*** Given information

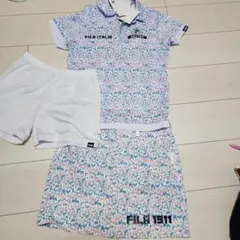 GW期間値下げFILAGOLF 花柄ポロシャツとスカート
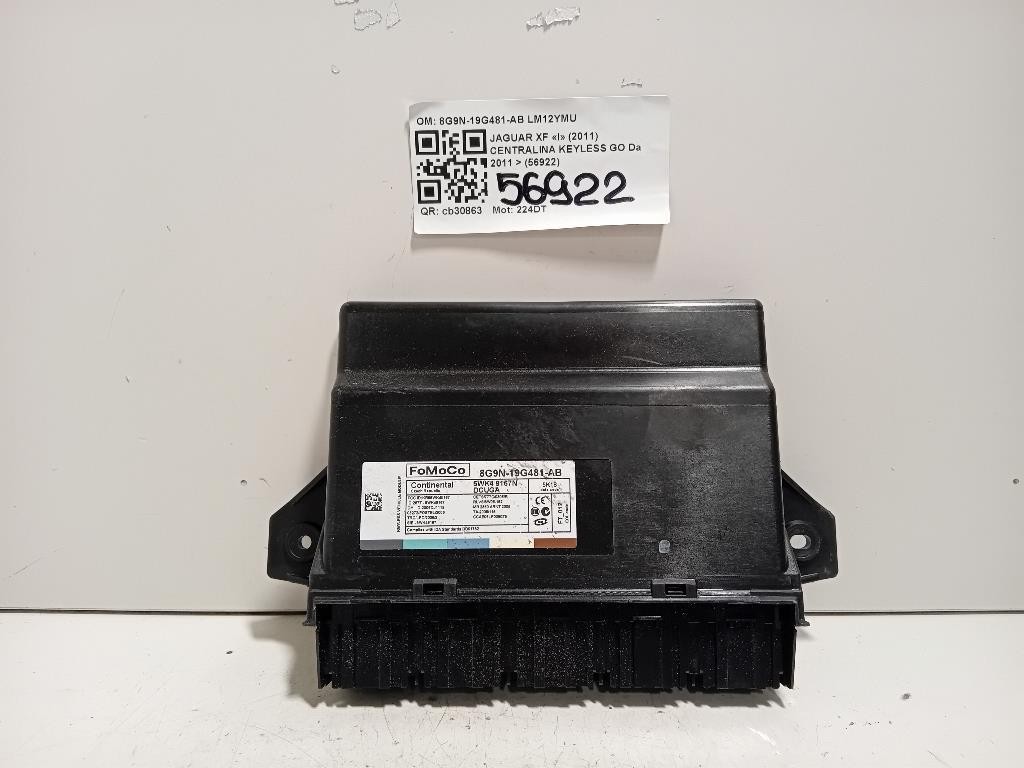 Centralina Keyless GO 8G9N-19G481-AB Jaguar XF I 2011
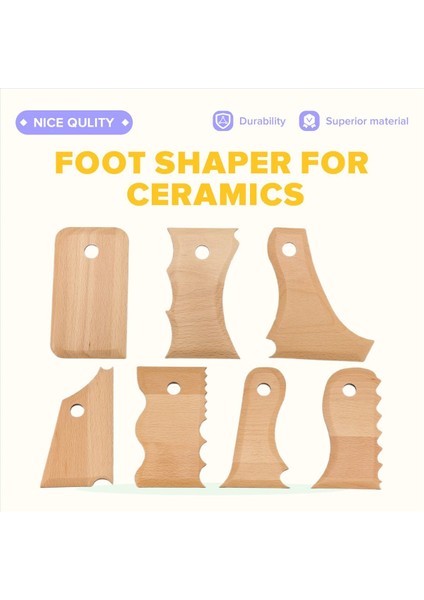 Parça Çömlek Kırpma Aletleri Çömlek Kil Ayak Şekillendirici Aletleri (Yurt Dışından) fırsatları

******

* **Aim of the task**: When you retype the material above, keep every word exact and drop the images.

* **Response box**:
 GW期間値下げFILAGOLF 花柄ポロシャツとスカート
 Centralina Keyless GO 8G9N-19G481-AB Jaguar XF I 2011
 Parça Çömlek Kırpma Aletleri Çömlek Kil Ayak Şekillendirici Aletleri (Yurt Dışından) fırsatları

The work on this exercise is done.